Ich glaube, dass die größte Krankheit in der Gesellschaft der Individualismus ist. Die Heiligkeit ist genau das Gegenteil, denn sie ist im Wesentlichen beziehungsorientiert, wie es auch die Natur des Menschen ist. Ich kann nicht einen Schritt in der Heiligkeit vorankommen und deshalb kann ich meinem Nächsten keinen Tropfen Liebe geben, wenn sie nicht aus der bedingungslosen Liebe Gottes kommt. Wie er sagte Josef Pieper: "Wer nicht geliebt wird, kann nicht einmal sich selbst lieben". Ein Heiliger ist in sein Leben verliebt, weil Gott in sein Leben verliebt ist. Er nimmt die Umarmung Gottes an, weil er allmählich gelernt hat, sich dieser göttlichen Umarmung nicht zu widersetzen und sich von ihr verwandeln zu lassen. 

Diese Verwandlung bleibt nicht unbemerkt, denn alles, was der Mensch aus eigener Kraft nicht kann, ist spürbar. Das schönste Beispiel dafür ist die Magnificat der Jungfrau. Als Maria das Haus von Zacharias und Elisabeth betritt, spürt sie die Gegenwart Christi und kann nichts anderes tun, als Gott zu preisen, "Denn der Allmächtige hat Großes an mir getan".

Das Leben moderner Heiliger wie Carlo Acutis und Guadalupe Ortiz und anderer junger Menschen, die im Geruch der Heiligkeit starben, wie Clare Crockett, Pedro Ballester oder Chiara Corbella, sind moderne Versionen der Magnificat.

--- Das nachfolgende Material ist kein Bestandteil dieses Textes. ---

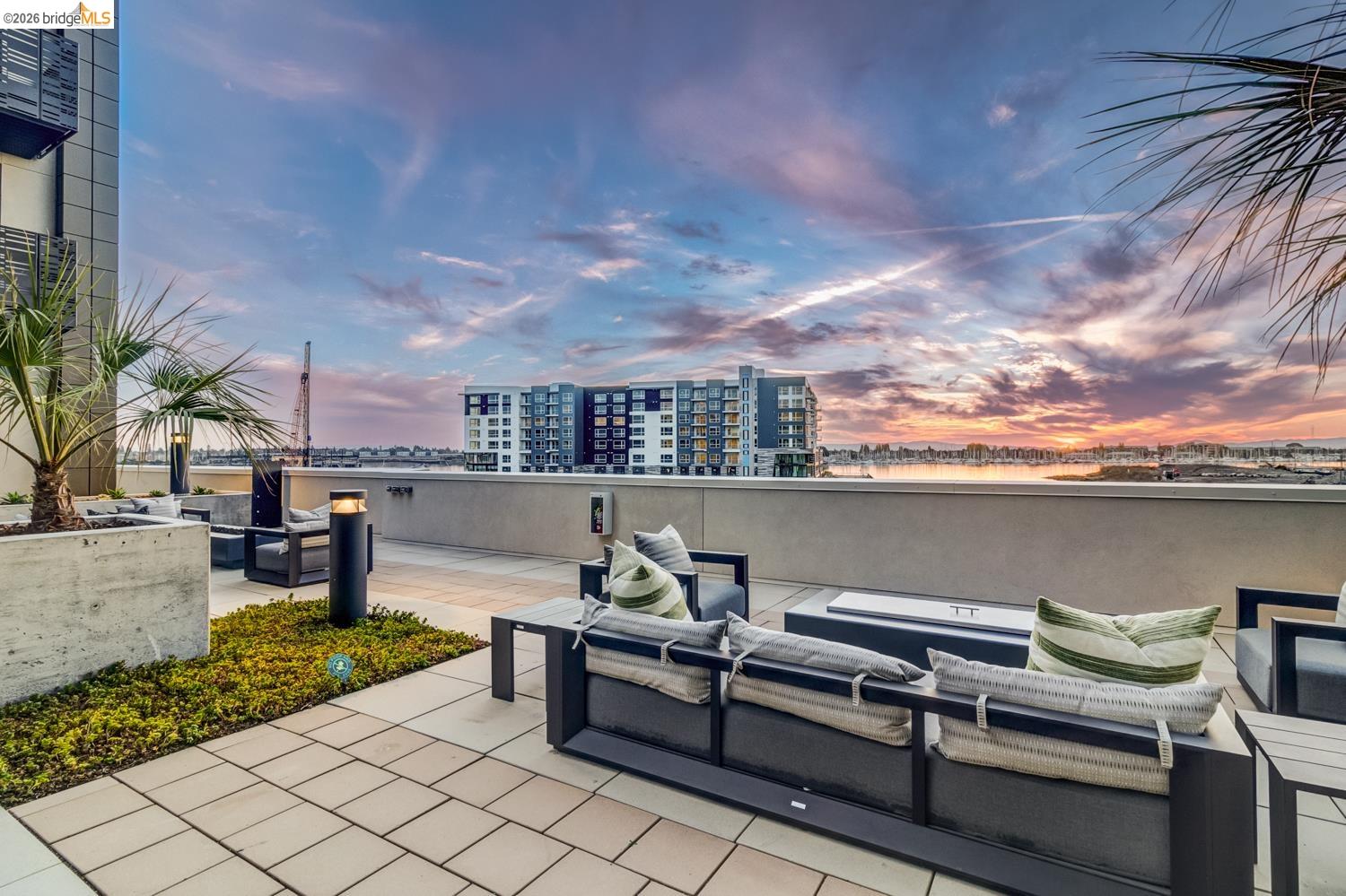 Detail Gallery Image 26 of 42 For 260 Brooklyn Basin Way #411,  Oakland,  CA 94606 - 1 Beds | 1 Baths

Es sind Geschichten darüber, wie Christus das Leben gewöhnlicher, verletzlicher, sündiger Menschen allmählich in ein Loblied auf Gott verwandelt hat, jedes auf eine einzigartige und besondere Weise.

Ich glaube, dass es in der heutigen Welt drei Tugenden gibt, die von entscheidender Bedeutung sind, um den Menschen zu helfen, sich von Gott verwandeln zu lassen: Demut, Hoffnung und Geduld. 

Durch Demut sind wir in der Lage, unsere tiefste Identität zu entdecken: dass wir Kinder eines Vaters sind, der uns bedingungslos liebt. 

Hoffnung ist die feste Überzeugung, dass Gott seinen Plan zur Heiligkeit eines Menschen niemals aufgibt, egal wie groß die begangenen Fehler und Sünden auch sein mögen.

Durch Geduld verlieren wir nicht die Freude und den inneren Frieden, wenn wir mit Rückschlägen, Begrenzungen und Fehlern konfrontiert werden, weil wir wissen, dass der Heilige Geist in unserer Seele in einem Zustand der Gnade ist.

Eine der wichtigsten Botschaften des Zweites Vatikanisches Konzil ist, dass alle Menschen zur Heiligkeit berufen sind. Ein halbes Jahrhundert später bleibt noch viel zu tun, um diese Botschaft zu vermitteln und die Menschen davon zu überzeugen. Stellen Sie sich vor, alle Gläubigen wären überzeugt, dass sie wirklich heilig sein können. Das wäre eine echte Revolution; eine Magnificat die die ganze Welt erhellen würde.